Once you arrive in Busan you will find it very easy to get around. Busan has a subway system that is less elaborate than the one you will find in Seoul; however, it works the same way and is the easiest way to get around the city. If the subway is not your style you still have the option of using buses or taxis; however, this will cost you a lot more money. Upon arrival in Busan Station, get a city map and subway map. There is access to the subway right at the station so you can start you adventures right away.
|Night view of Chagalchi Market: Photo provided byBusan Chunggu Office || |
Busan offers much to do including shopping, parks, and beaches. You can use the map you acquired to find places that may interest you.
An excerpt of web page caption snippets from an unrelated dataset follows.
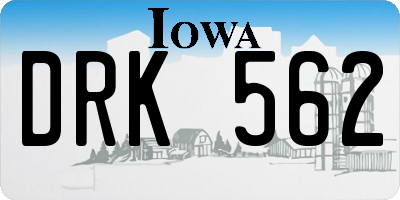 IA license plate DRK562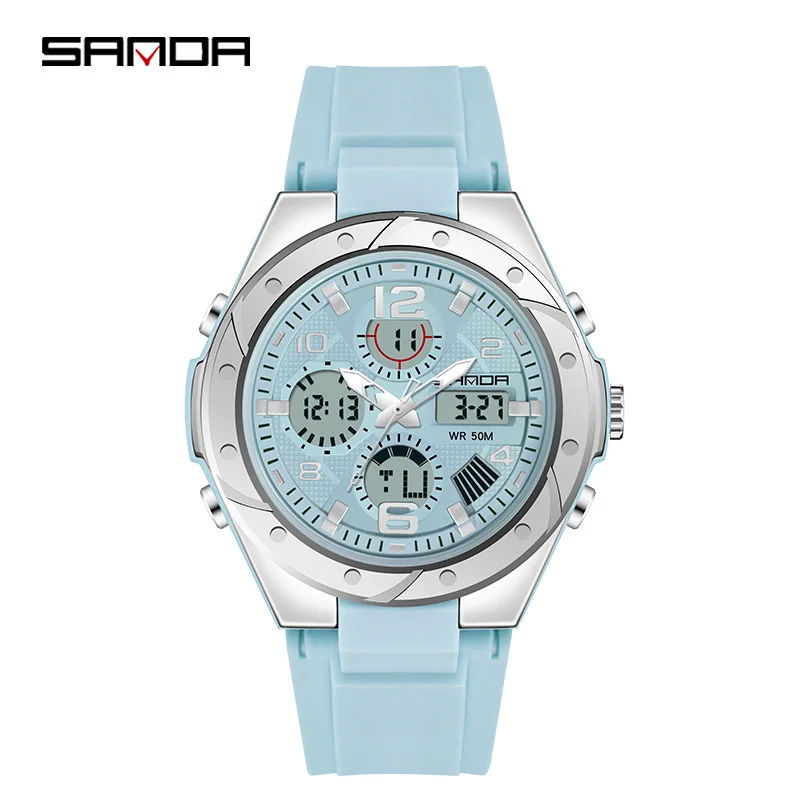 

SANDA Digital Watch Women Sport Chronograph Calendar Lady Quartz Wristwatch 50m Waterproof Female Girl Electronic Clock 6062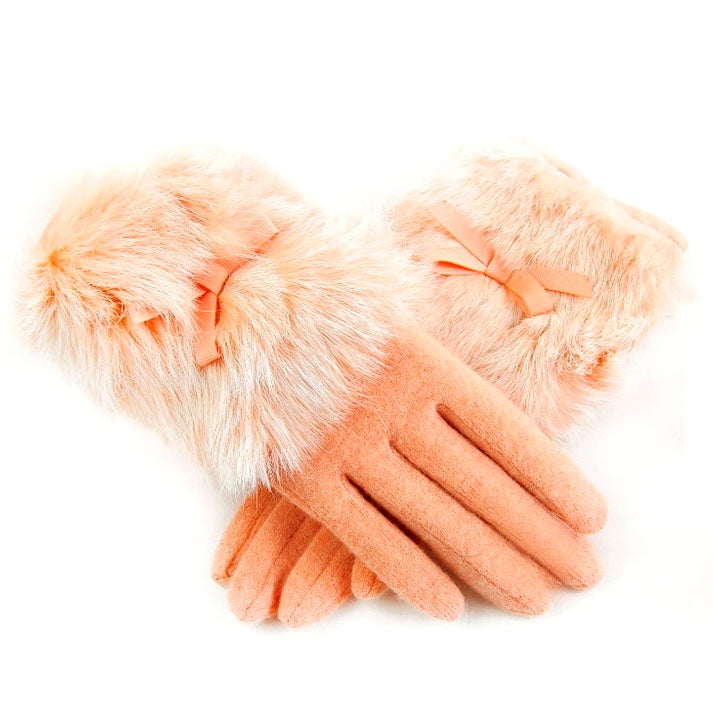Fashionable Rabbit Fur Cashmere Gloves for Women(Orange)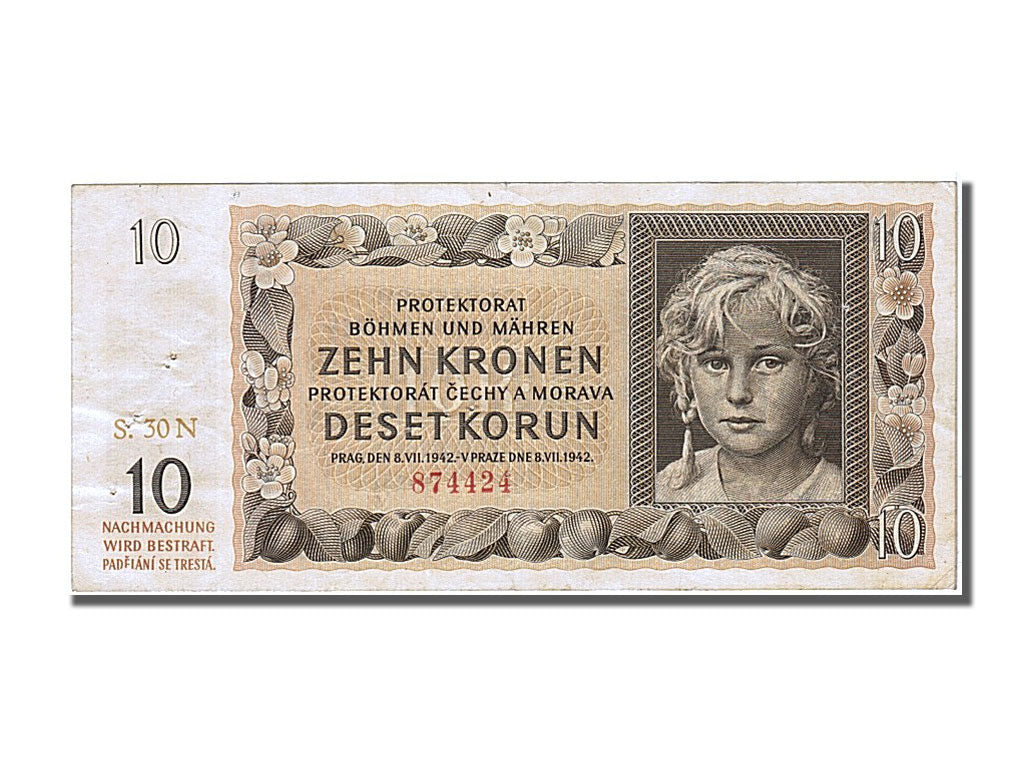 Bohemia and Moravia, 10 Korun, 1942, KM #8a, 1942-07-08, AU(50-53), S30N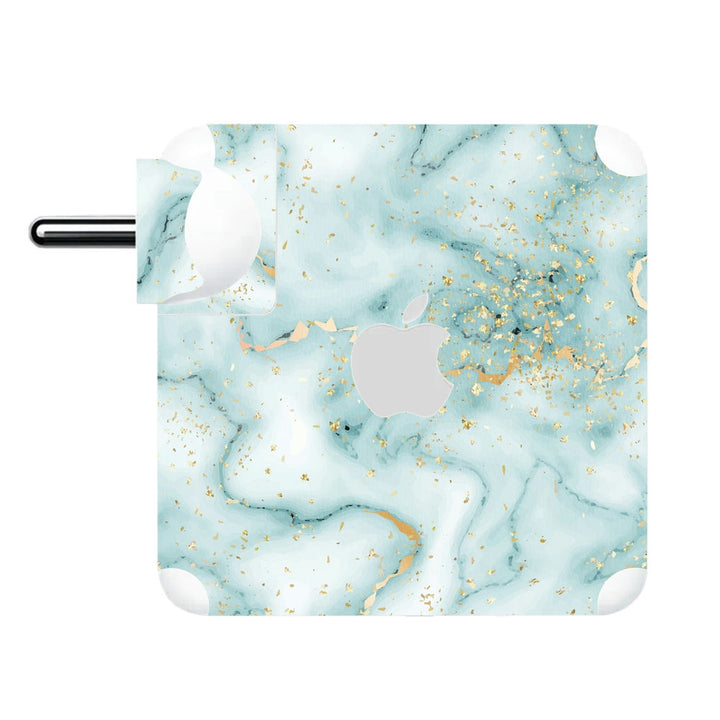 Charger Skin - Golden Effect on Green and White Marble
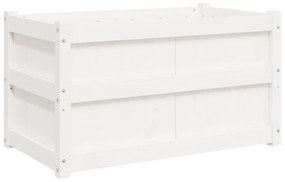 Vasos/floreiras de jardim 2 pcs madeira de pinho maciça branco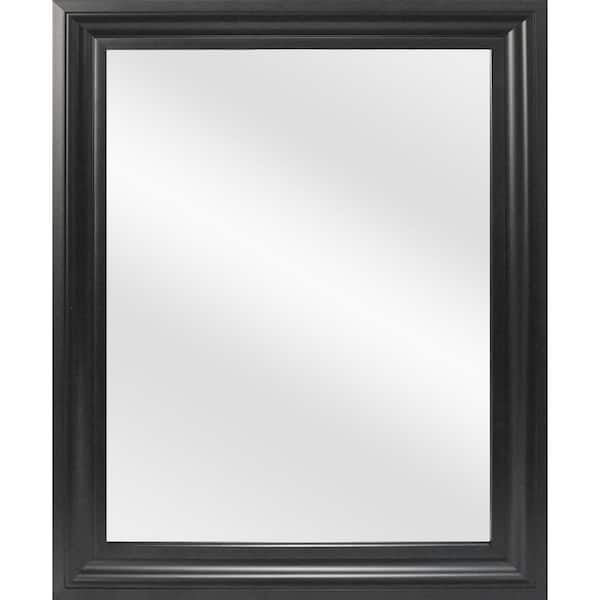 Glacier Bay 27.6 in. x 27.6 in. Classic Black Aluminum Round Framed Vanity Mirror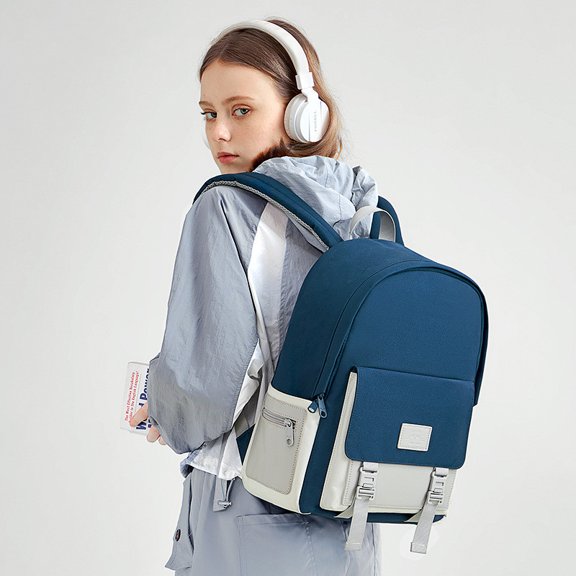 Versatile Large Capacity Travel Backpack Male,White Spell Dark Blue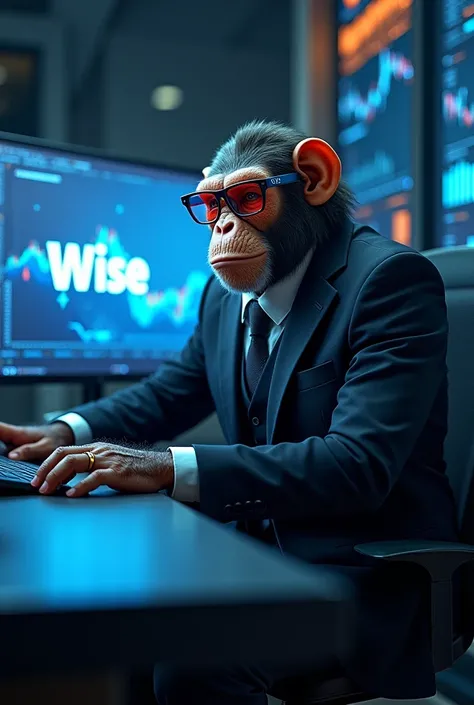 C rypto Boss Ape

	•	A wise-looking ape in a sleek suit, wearing futuristic glasses
	•	Sitting at a high-tech desk, monitoring crypto charts and community chats
	•	“Wise” glowing on a holographic screen behind him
Three that I find most interesting is the port’s main market, it famous beaches, and a boat ride of the harbor. Chagalch’i Market is the most famous. This market has open stalls that sell various commodities from seafood to clothing to household goods. In addition to this market there are also other markets in the vicinity. Downtown Busan also has many department stores; however, these are not significantly different that the ones you would find in any large Korea city and are not worth you spending limited time.
|Songdo Beach Road, Photo by Busan Seogu Office|| |
Of course Busan is right on the Korean Straits or South Sea. This means beaches. Being farther south, it also means a more temperate climate. Busan has numerous beaches including the Songdo Beach to the south of the city and Kwang-anni Beach in the western part of the city. These beaches all have nice hotels nearby. The most famous beach is Haeundae Beach. This is also my favorite as it is easily reached by subway, it has nice hotels along it, and the beach itself is great. There are also numerous shops, restaurants, bars and activities. The seafood is great. There is a lot to do. Besides the normal beach activities, one thing I like to do is wait until the evening, get some fireworks (readily available) and shoot them over the ocean. At night, you can see people along the beach launching fireworks. This is especially true during the cooler months when getting in the water is not fun. One word of warning, it may be better to go during the early spring or late fall as during the summer months the beaches are really crowded and the hotels are full.
|Oryukdo Islnads. Photo by tripadvisor, All right reserved|| |
Another activity that is lots of fun is taking a harbor boat ride. For a small cost you can get out on the water and see the city from a different perspective. One site to see is the Oyukdo islands. These are small rock outcroppings in the harbor that give you an optical illusion. You can’t tell if there are five or six islands (spoiler alert, there are six). The name alludes to this as O is the number five, yuk is the number six, and do means island. So it literally translates as five or six islands.
After a day or so at the beach it soon time to head back to Seoul. A quick subway ride takes you back to the main Busan rail station. The KTX leave on time. In a few hours you are back in Seoul and ready for your next adventure in Korea. It is a great way to spend a few days. The train rides are very relaxing and you to see a lot of the country side during the trip. Busan is a great city with a lot to do and see. Busan also has museum, temples, and parks. Also being a major seaport, it is very cosmopolitan and there are lots of great places to eat, drink and be merry (aka Texas Street). So make sure you include this in your tour of Korea.